Proceedings of The Nutrition Society ◽

10.1017/s0029665107005332 ◽

2007 ◽

Vol 66 (1) ◽

pp. 96-112 ◽

Cited By ~ 133

Author(s):

Edmund T. Rolls

Keyword(s):

Food Intake ◽

Orbitofrontal Cortex ◽

Functional Neuroimaging ◽

Rhesus Macaques ◽

Human Subjects ◽

Sensory Properties ◽

Visual Inputs ◽

Reward Value ◽

Frontal Operculum ◽

Taste And Smell

Complementary neurophysiological recordings in rhesus macaques (Macaca mulatta) and functional neuroimaging in human subjects show that the primary taste cortex in the rostral insula and adjoining frontal operculum provides separate and combined representations of the taste, temperature and texture (including viscosity and fat texture) of food in the mouth independently of hunger and thus of reward value and pleasantness. One synapse on, in the orbitofrontal cortex, these sensory inputs are for some neurons combined by learning with olfactory and visual inputs. Different neurons respond to different combinations, providing a rich representation of the sensory properties of food.

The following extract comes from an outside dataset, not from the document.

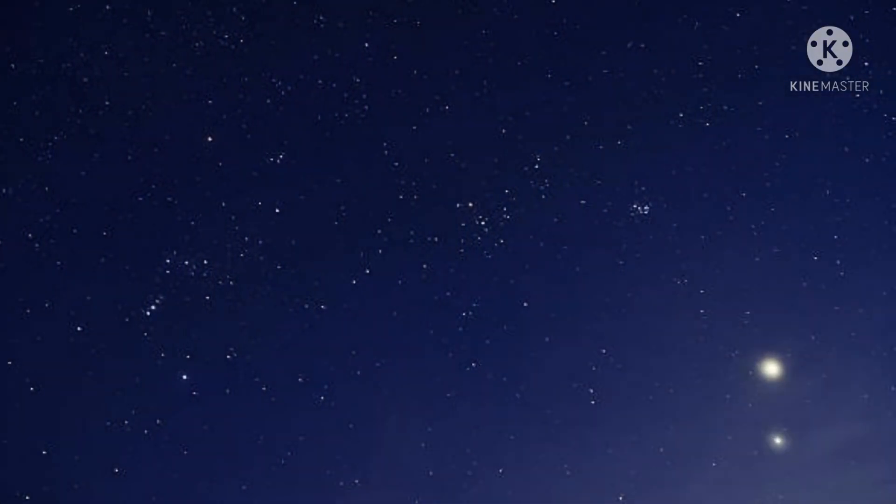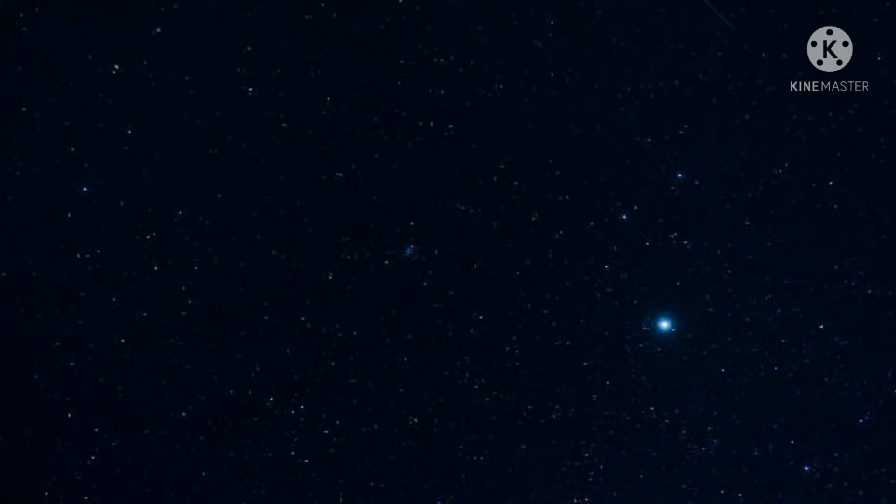Polaris is famous for holding nearly still in our sky while the entire northern sky moves around it. That's because it's located nearly at the north celestial pole, the point around which the entire northern sky turns. Polaris marks the way due north.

In the orbitofrontal cortex feeding to satiety with one food decreases the responses of these neurons to that food, but not to other foods, showing that sensory-specific satiety is computed in the primate (including the human) orbitofrontal cortex. Consistently, activation of parts of the human orbitofrontal cortex correlates with subjective ratings of the pleasantness of the taste and smell of food. Cognitive factors, such as a word label presented with an odour, influence the pleasantness of the odour, and the activation produced by the odour in the orbitofrontal cortex. Food intake is thus controlled by building a multimodal representation of the sensory properties of food in the orbitofrontal cortex and gating this representation by satiety signals to produce a representation of the pleasantness or reward value of food that drives food intake. Factors that lead this system to become unbalanced and contribute to overeating and obesity are described.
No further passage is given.